Em comunicado, o Conselho Diretivo Nacional da Confederação Geral do Trabalho repudiou a assinatura do acordo, e advertiu que a decisão da aliança governante “trará mais pobreza, uma reforma trabalhista que anulará direitos conquistados e condições de vida que irão piorando ainda mais a qualidade, a quantidade e os direitos do trabalho, o salário e as aposentadorias”.
Para a central operária “a história tem nos manifestado” que acordos como o que se negocia com o organismo de crédito “são sinônimo de extinção das leis do trabalho e submissão política”. O texto, intitulado “No Fundo vamos de regresso às políticas de ajuste”, considera que ” o retorno ao Fundo não é um plano de contingência, é um plano em marcha desde há 2 anos” e que este “é um passo mais” da estratégia traçada pelo governo.
O destacado economista argentino Aldo Ferrer, falecido em 2016, já tinha esclarecido a origem principal do problema. “O déficit no comércio internacional de manufaturas de origem industrial é a causa dominante da insuficiência de divisas, vale dizer, a restrição externa.
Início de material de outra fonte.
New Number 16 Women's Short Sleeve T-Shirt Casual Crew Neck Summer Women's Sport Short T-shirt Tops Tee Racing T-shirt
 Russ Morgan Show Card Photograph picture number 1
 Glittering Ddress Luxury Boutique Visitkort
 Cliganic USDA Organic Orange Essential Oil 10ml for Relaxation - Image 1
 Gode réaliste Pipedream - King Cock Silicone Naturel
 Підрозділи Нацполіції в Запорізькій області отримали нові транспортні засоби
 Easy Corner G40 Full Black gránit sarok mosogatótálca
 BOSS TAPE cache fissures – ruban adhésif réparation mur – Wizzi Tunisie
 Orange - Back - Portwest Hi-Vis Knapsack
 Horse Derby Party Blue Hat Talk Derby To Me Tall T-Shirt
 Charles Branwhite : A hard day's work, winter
Este é o principal obstáculo ao crescimento do investimento, da produção e do emprego e o disparador do ciclo que alterna contenção e arranque (stop & go) da atividade econômica. Cria, ainda, expectativas negativas que impulsionam a fuga de capitais e a inflação”, assinalou, apontando importantes insuficiências que já existiam durante o governo de Cristina Kirchner. Sublinhou que “a causa fundamental da restrição externa é o Déficit do comércio internacional de Manufaturas de Origem Industrial, DMOI, e sua origem, a subindustrialização e a débil participação da indústria argentina no processo de inovação. O fato se reflete, também, nas assimetrias de produtividade entre os diversos setores industriais e a elevada participação da informalidade do mercado de trabalho”.
“SÓ TONTOS VÃO AO FMI”
Juan Domingo Perón, presidente da Argentina por três mandatos: de 1946 a 1952, de 1952 a 1955 e de 1973 a 1974, também foi direto ao ponto. “Quando em 1946 tomei posse no governo, a primeira visita que recebi foi a do presidente do Fundo Monetário Internacional que vinha nos convidar a que aderíssemos ao mesmo”, lembrou e frisou que a resposta foi negativa. “Passou o tempo, e em quase todos os países que aderiram ao famoso Fundo Monetário Internacional se sofrem as consequências e começamos a escutar as lamentações. Este fundo, criado segundo diziam para estabilizar e consolidar as moedas do ‘Mundo livre’, não tem feito nada senão envilecê-las na maior medida. Enquanto isso, os Estados Unidos se encarregavam, através de suas empresas e capitais, de se apropriar das fontes de riqueza em todos os países onde os tontos ou os capachos lhe davam espaço, à mercê de seu dólar ficticiamente valorizado em referência às envilecidas moedas dos outros”, disse em entrevista de 1967.
As políticas de Macri, apontam à minimização da participação das empresas estatais, das pequenas e medias indústrias, ao favorecimento das multinacionais e aplicam os aumentos descontrolados dos serviços públicos, os ‘tarifazos’. E este receituário tem como consequência a desindustrialização do país.